The FASER experiment at the CERN LHC detects for the first time neutrinos produced at a particle collider
The FASER collaboration has detected for the first time neutrinos created by a particle collider, promising to deepen our understanding of these particles, which are the most abundant ones in the universe. Neutrinos interact extremely weakly with matter and play a fundamental role in the nuclear processes within stars.
Since their discovery in 1956, the majority of neutrinos studied by physicists have been of low energy. However, the neutrinos detected by FASER are likely the most energetic ever produced in a laboratory.
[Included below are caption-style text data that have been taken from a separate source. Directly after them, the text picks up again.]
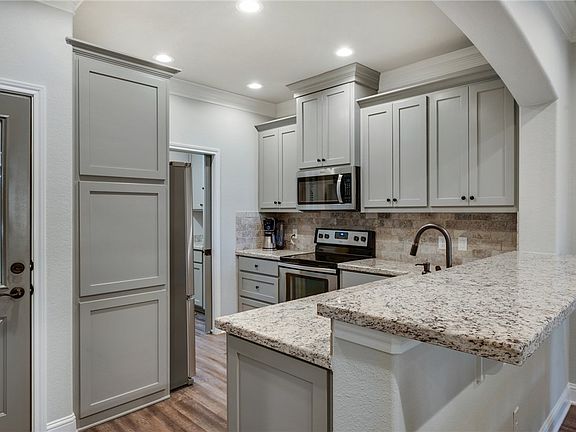 5th image of 1755 Summit Crossing Ln
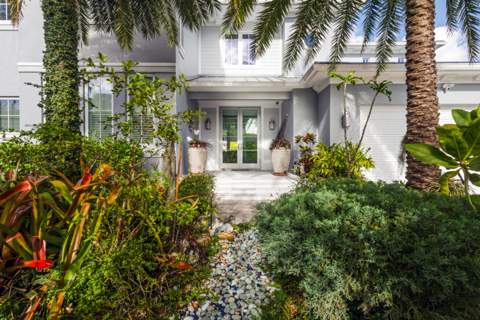 701 Flamingo Drive, Fort Lauderdale FL - photo 7 of 76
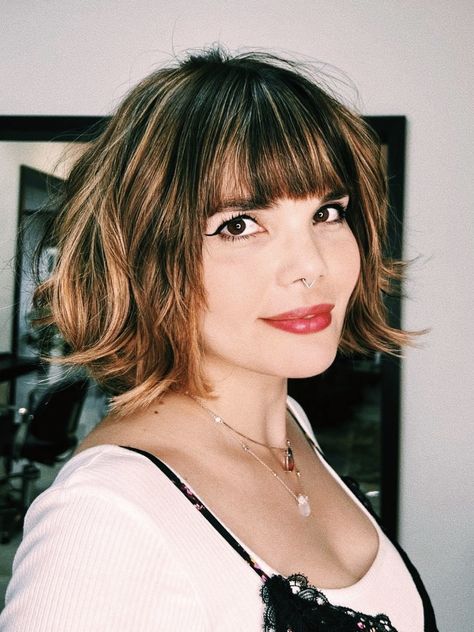 French bob hairstyle with fringe and ombré highlights on brunette colour IG: @yume_sato French Bob With Highlights, Black Bob With Highlights, Brunette Bob With Highlights, French Bob With Fringe, Hairstyle With Fringe, Highlights On Brunette, Ombré Bob, Ombré Highlights, Bobbed Hairstyles With Fringe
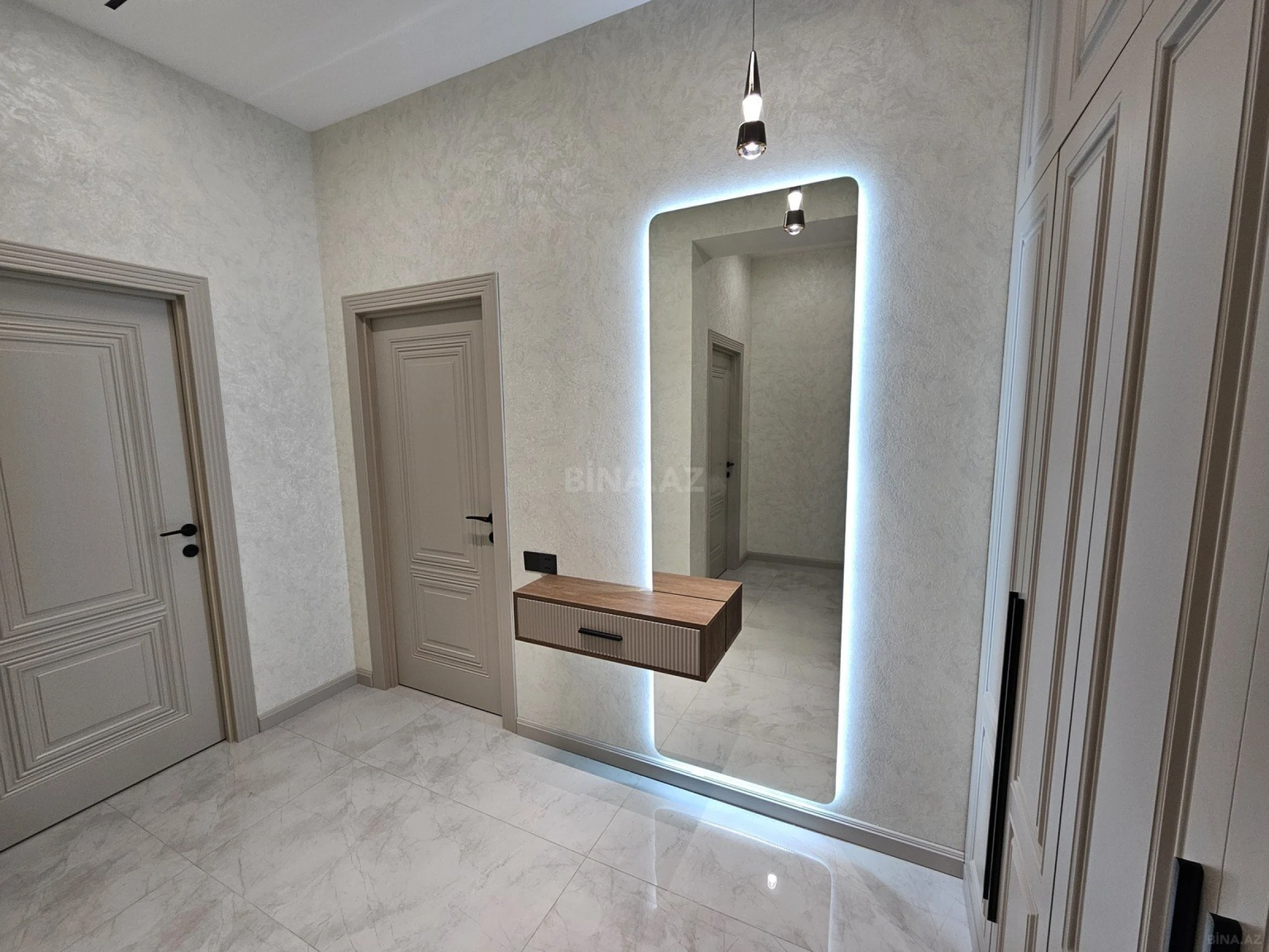 Satılır 2 otaqlı mənzil 77 m²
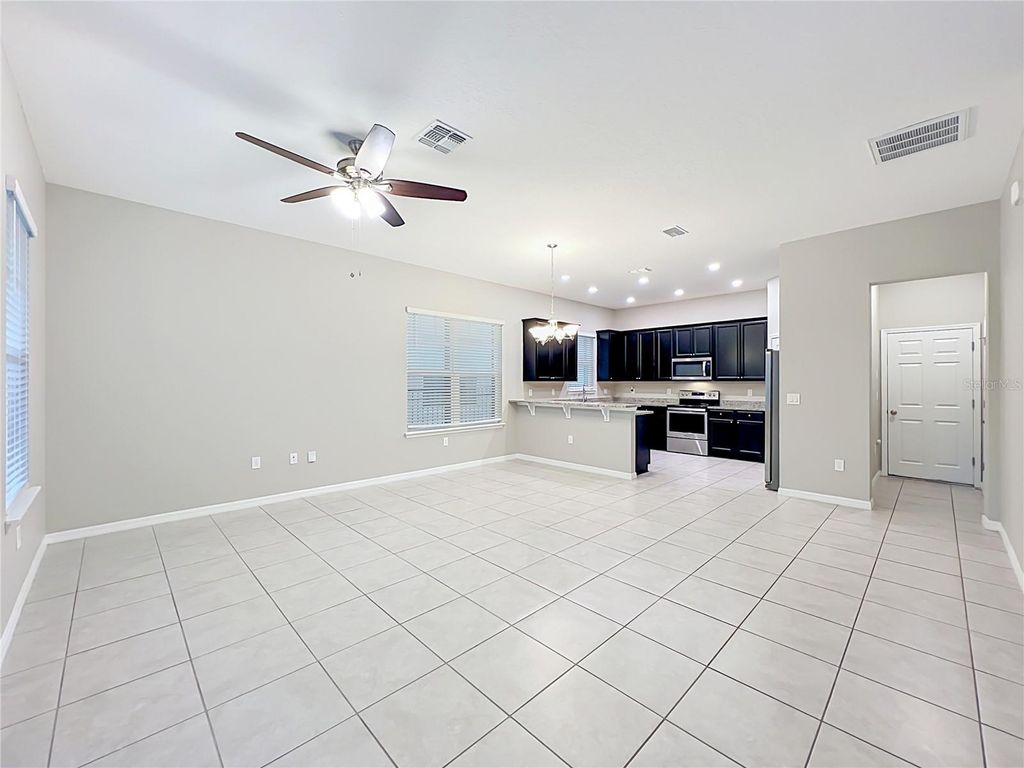 Image 10 of property listing at 1549 ASTORIA ARBOR LANE, Orlando, FL 32824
They have similar energies to the neutrinos found when cosmic rays produce cascades of particles as they interact with our atmosphere.
"This study could shed light on cosmic neutrinos that travel large distances and collide with the Earth providing a window into the most distant parts of the universe," says Anna Sfyrla, professor in the Department of Nuclear and Corpuscular Physics (DPNC) at the University of Geneva (UNIGE) and member of the FASER collaboration.
This is one of the first and most recent results from FASER (Forward Search Experiment) using data from collisions at the Large Hadron Collider (LHC) at CERN. FASER is a particle detector designed and built by an international consortium of physicists, with major contributions from the DPNC. The research groups of Professors Giuseppe Iacobucci and Anna Sfyrla, as well as the technical teams of the department, were significantly involved in the construction of the part of the detector that measures the properties of charged particles. They also led the development and implementation of the read-out and trigger electronics and software. Members of the DPNC were part of the teams that installed, commissioned and currently operate the experiment.
FASER is a unique and very recent particle detector. Data collection started in 2022 and its first results were announced at a conference on 19 March 2023. Compared to other CERN detectors, such as ATLAS, which is more than 20 metres high and weighs 7,000 tonnes, FASER weighs just one ton and fits perfectly into a small side-tunnel of the LHC. It took only a few years to design and construct, using spare parts from other experiments.
Beyond neutrino physics, one of FASER's main goals is to help identify the particles that make up dark matter, which has never been directly observed so far and which is thought to comprise most of the matter in the universe.
"Over the next few years, FASER is expected to obtain 10 times more data from the LHC," says Lorenzo Paolozzi, professor at DPNC and staff at CERN, whose group contributes significantly to the technical improvement of FASER, to optimise its sensitivity so that the collaboration can more efficiently search for new physics.